PII and customer data exposure

Personal and corporate data - including Human Resources files containing personally identifiable information (PII), payroll, and resumes - featured in 82% of breaches. Additionally, 67% of incidents involved documents and records related to customer service, support, or communication. The prevalence of emails was particularly notable, with 86% of breach incidents exposing this form of sensitive communication. Half the analysed incidents included U.S. Social Security Numbers, further highlighting the scale of PII at risk.

The exposure of such data increases the likelihood of targeted phishing attacks, identity theft, and regulatory breaches, which could subject organisations to significant financial penalties and legal challenges under frameworks such as the General Data Protection Regulation (GDPR) or the Federal Trade Commission (FTC) Act. These risks extend to the erosion of customer trust.

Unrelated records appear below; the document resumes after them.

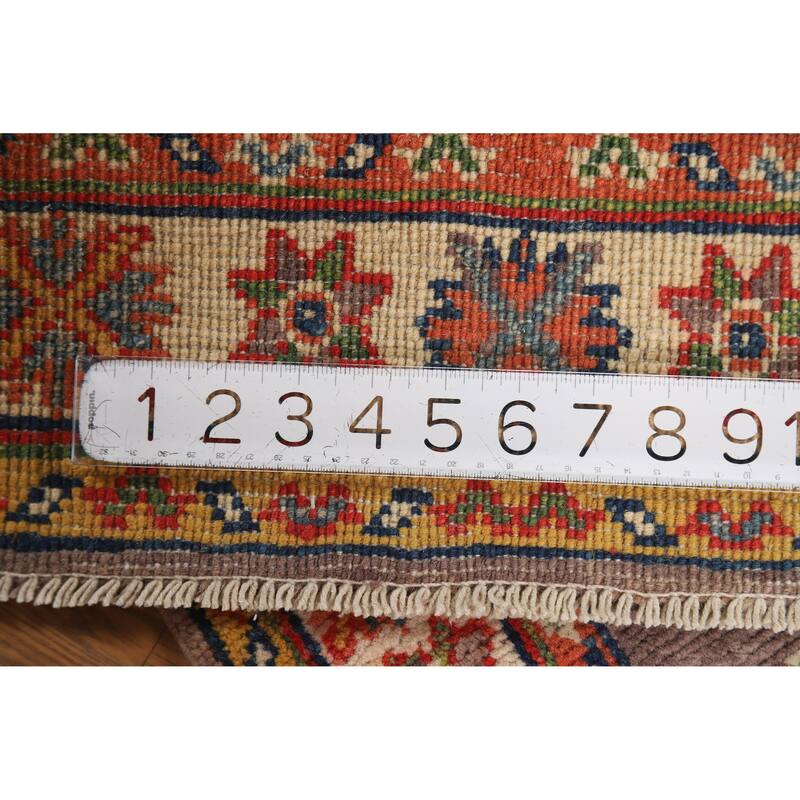 Geometric Kazak Oriental Rug Hand-Knotted Brown Wool Carpet - 2'0"x 3'0"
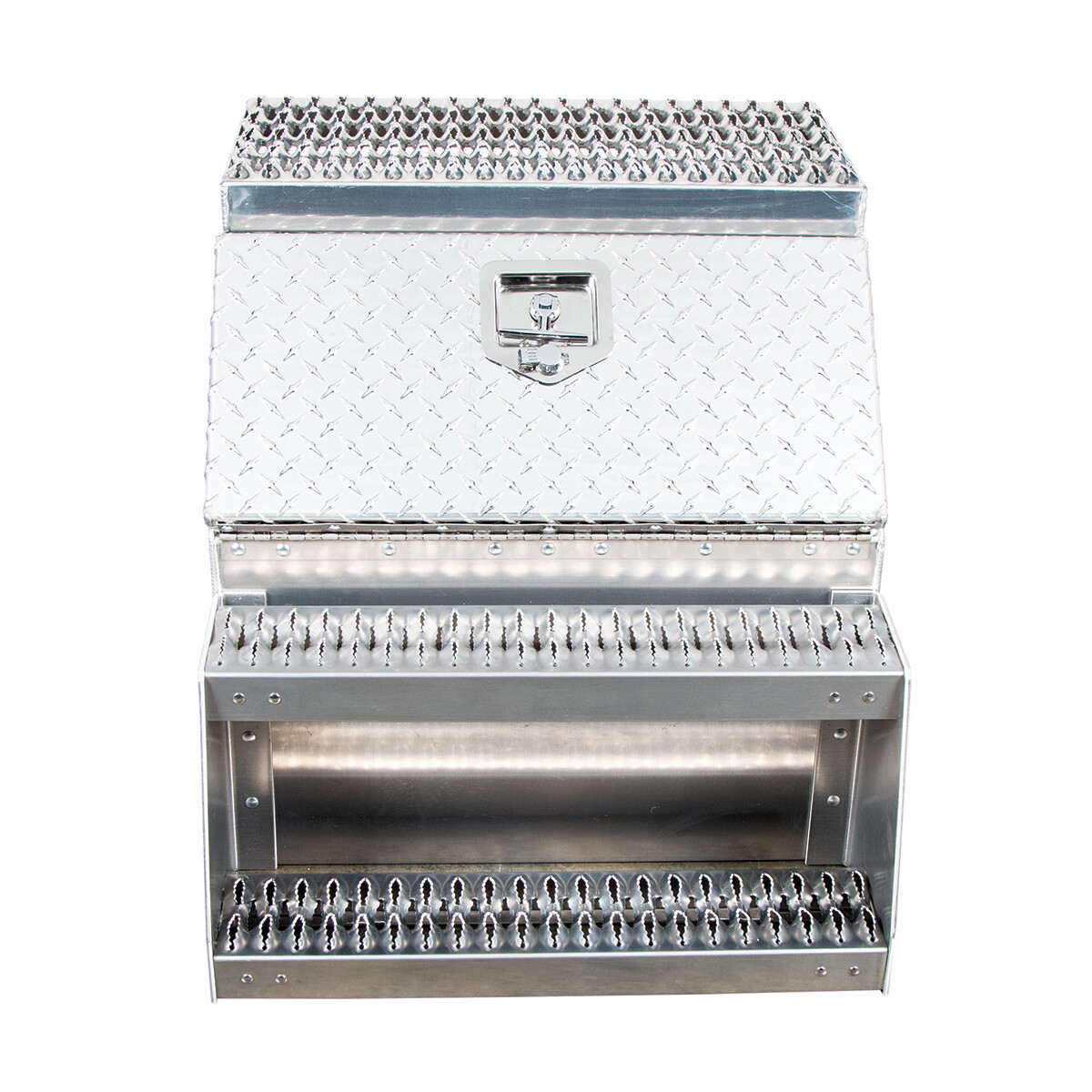 Aluminum Step Saddle Box with Lock and Keys - 24"L X 25"W x 28"H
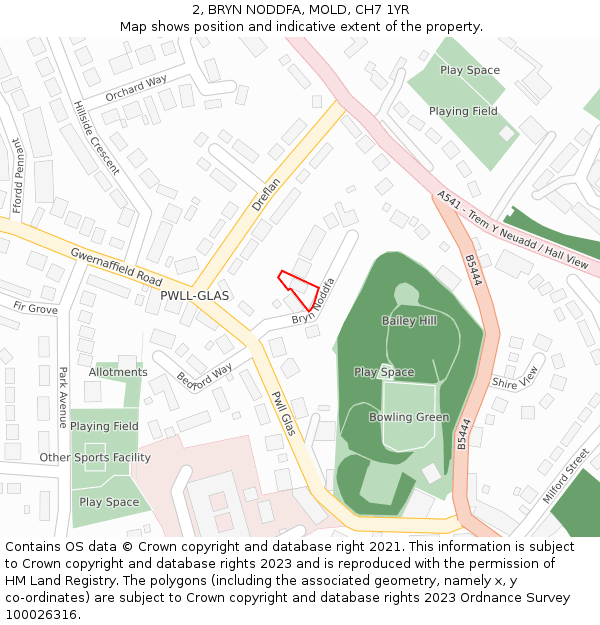 2, BRYN NODDFA, MOLD, CH7 1YR: Location map and indicative extent of plot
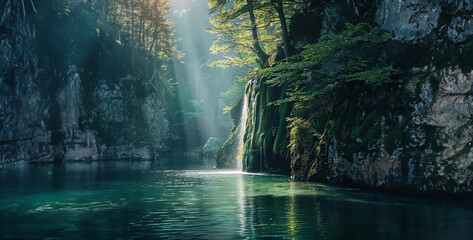Get lost in the serenity of these nature-inspired stock images realistic photography,waterfall in forest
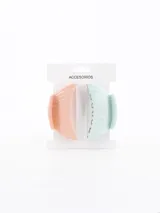 Pack de dos pinzas para el pelo, una color durazno y otra color celeste, con diseño texturizado.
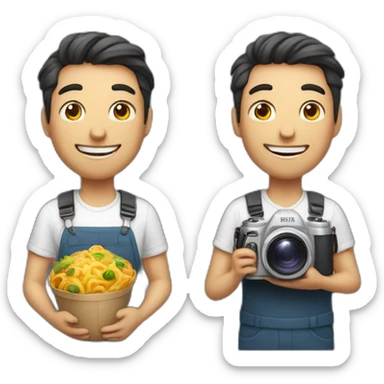 man with camera in one hand and food in other hand, happy smiling sticker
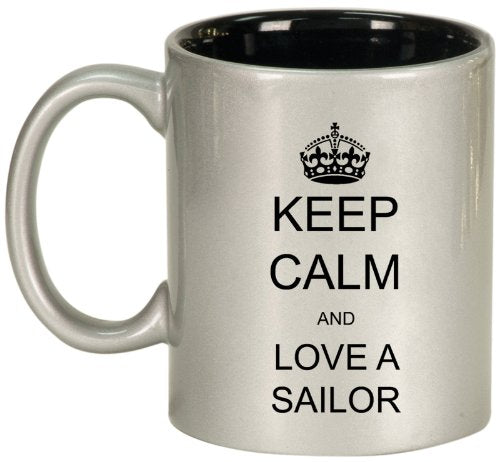 Keep Calm and Love A Sailor Ceramic Coffee Tea Mug Cup Silver Black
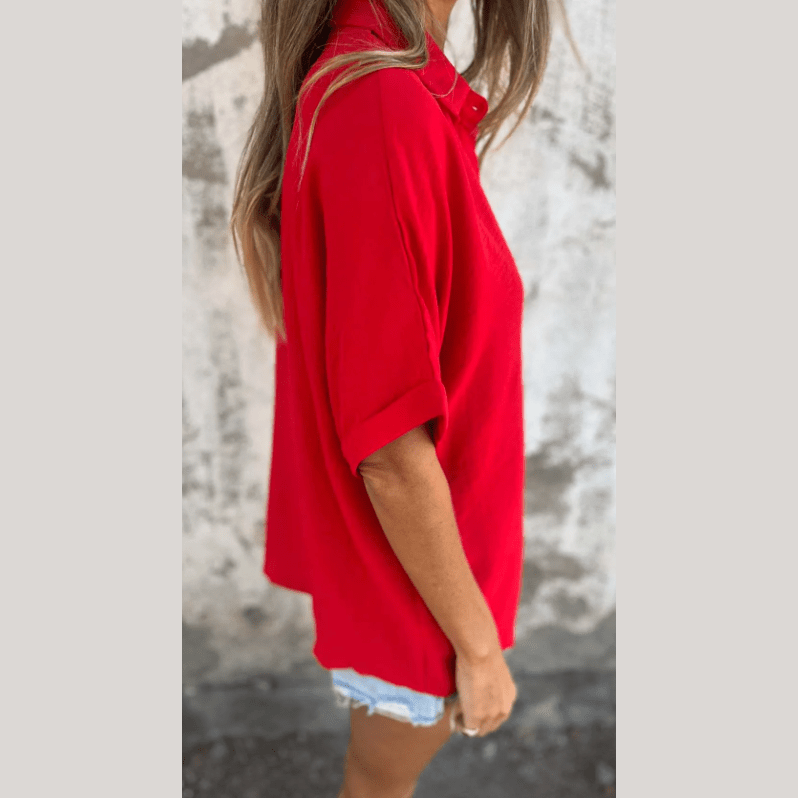 Kearstan Red Roll Sleeve Button Up Blouse
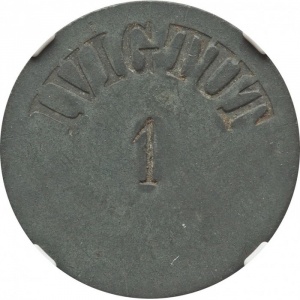 Аверс монеты Дания, 1 эре, 1875, Криолитовые шахты Ивигтут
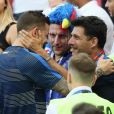 Lucas Hernandez et un ami à l'issue de France-Argentine en 8e de finale de la Coupe du monde à Kazan en Russie le 30 juin 2018 © Cyril Moreau/Bestimage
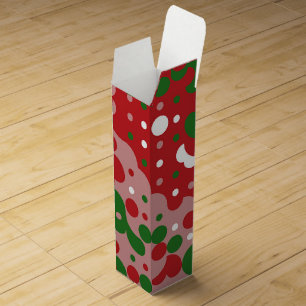 Groovy Funky Mod Retro Christmas Pattern Wine Box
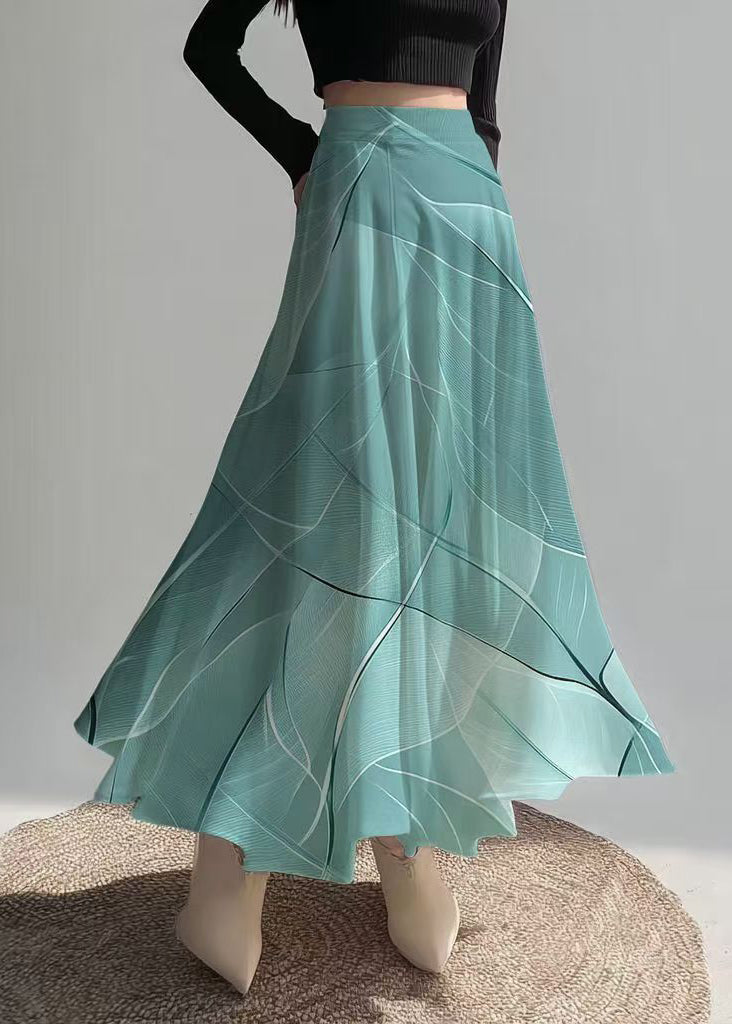 Sea Blue Print Chiffon Beach Skirt Summer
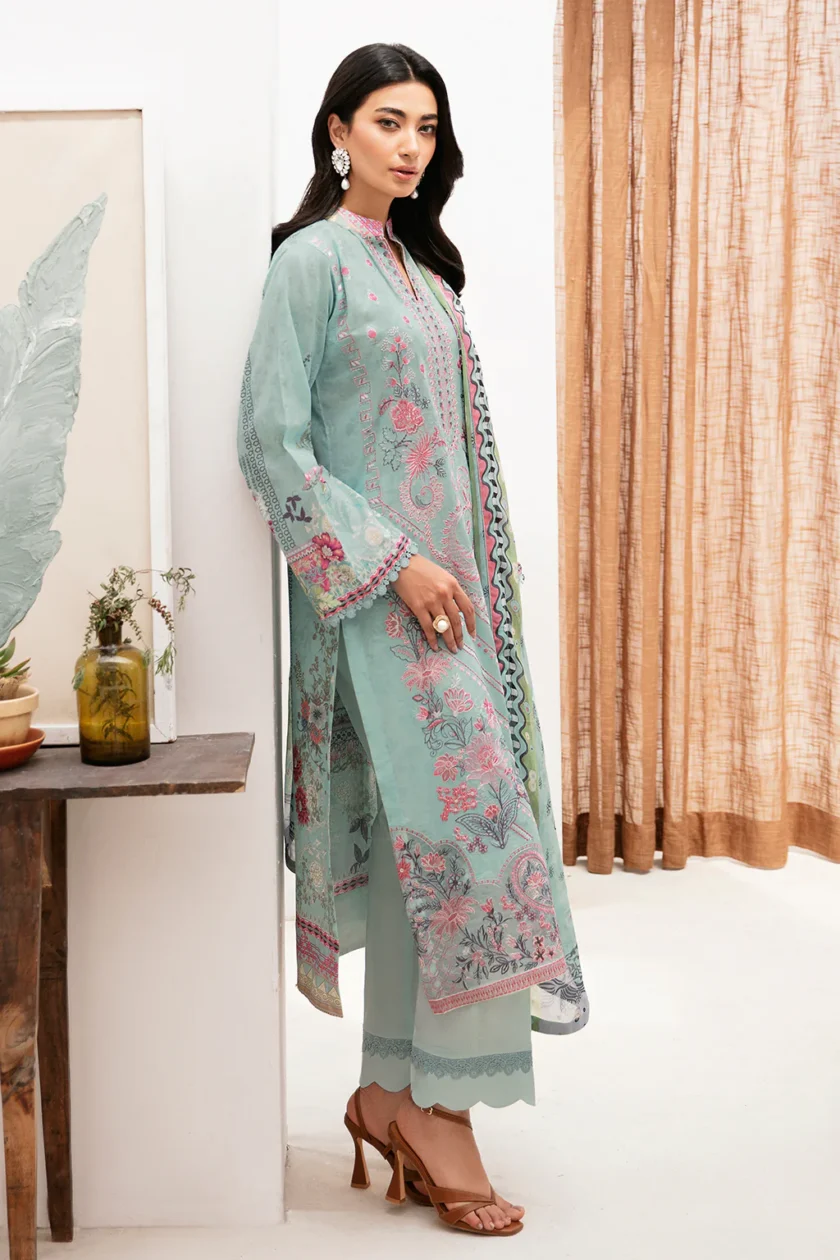 Ramsha Mashaal V2 3 Pc Sea Green Luxury Lawn Dress - Image 4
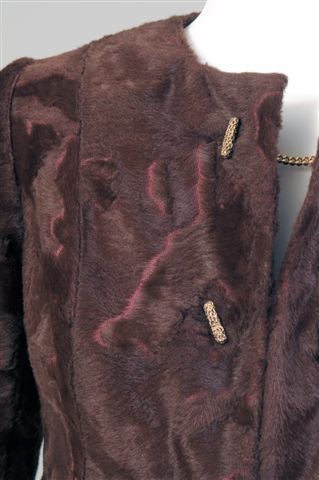 Brown & Orange Faux Broadtail Jacket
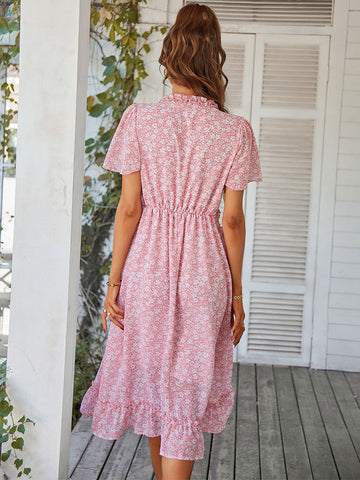 Printed V-Neck Short Sleeves Midi Dress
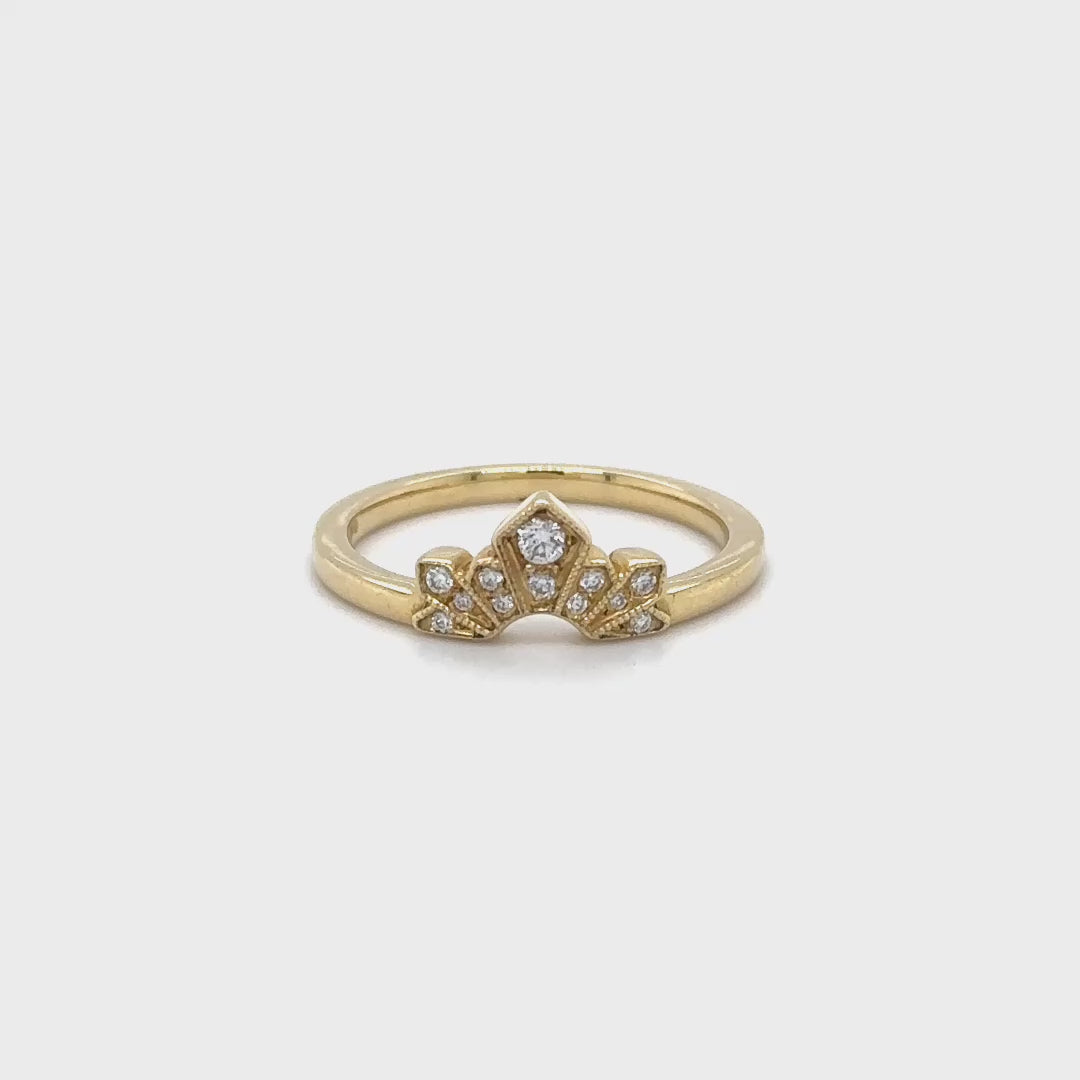 0.11ct Diamond Tiara Wedding Ring in Yellow Gold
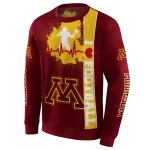 minnesota golden gophers football heartbeat maroon hoodie best selling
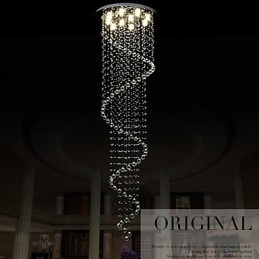 Moderne Krystall Pendellampe Lysekrone Belysning Lamper Armaturer Med Enkel Spiral D70Cm H250Cm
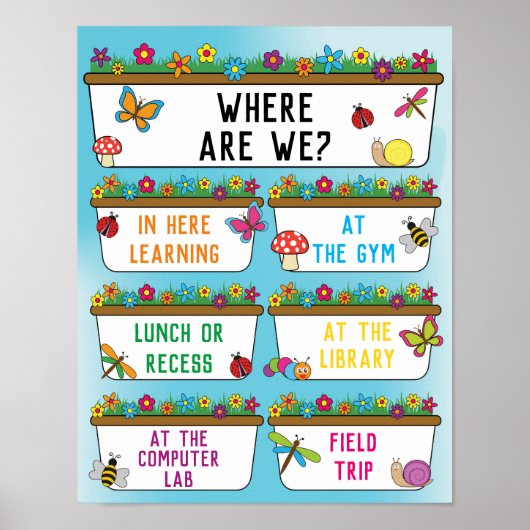 Where Are We Classroom Sign in Our Gardenテーマ ポスター (正面)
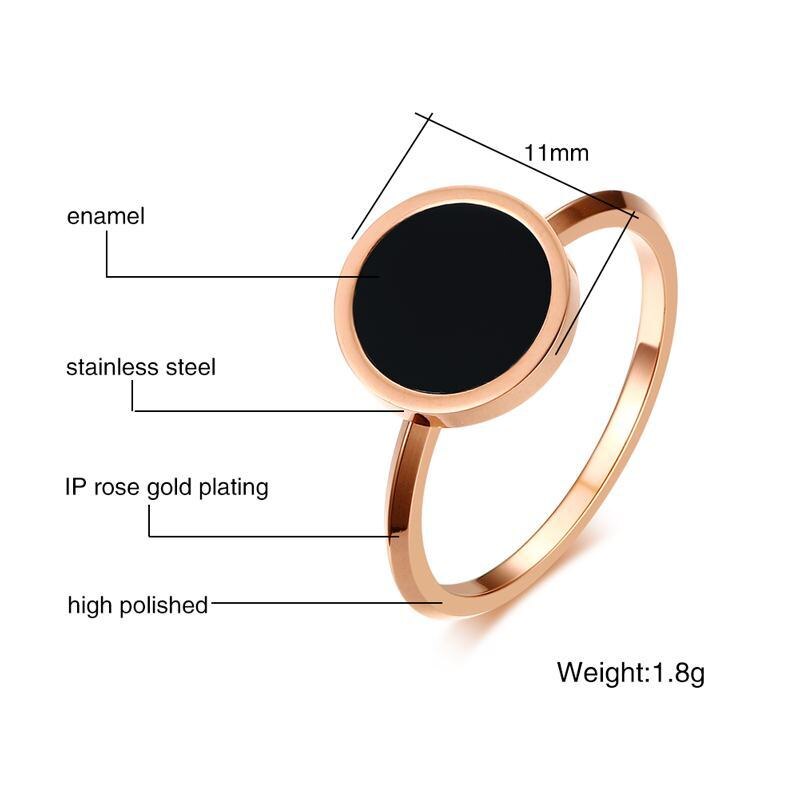 Vnox Elegante Eenvoudige Vrouwen Ring Rose Goud-Kleur Rvs Alliantie Dagelijks Sieraden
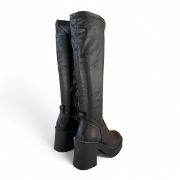 Εικόνα της Μπότες κάλτσα με κρεπ φαρδύ τακούνι και φιάπα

Broader attack surface from unstructured files

The report underscores the widening cyberattack surface resulting from the exposure of unstructured files. Cryptographic keys, which can be used to bypass authentication and gain access to secure systems, appeared in 18% of incidents. Indicators for cloud and infrastructure, such as AWS S3 paths and virtual hosts, were present in 20% and 23% of breaches respectively. Code files, exposed in 87% of all incidents and accounting for 17% of the total files, present additional vulnerabilities to the supply chain by compromising software trustworthiness.

Attack blast radius growing

According to Lab 1, the median number of organisations impacted per breach - the so-called 'blast radius' - has risen by 61% since 2022, from 257 to 482 organisations today. This figure includes secondary and tertiary parties who might be unaware of their potential exposure, given their connection to the breached primary organisation.

The dataset underpinning the report comprised more than 141 million individual file records, all sourced from ransomware and data breach incidents found in the public domain and reconstructed from forensic acquisitions.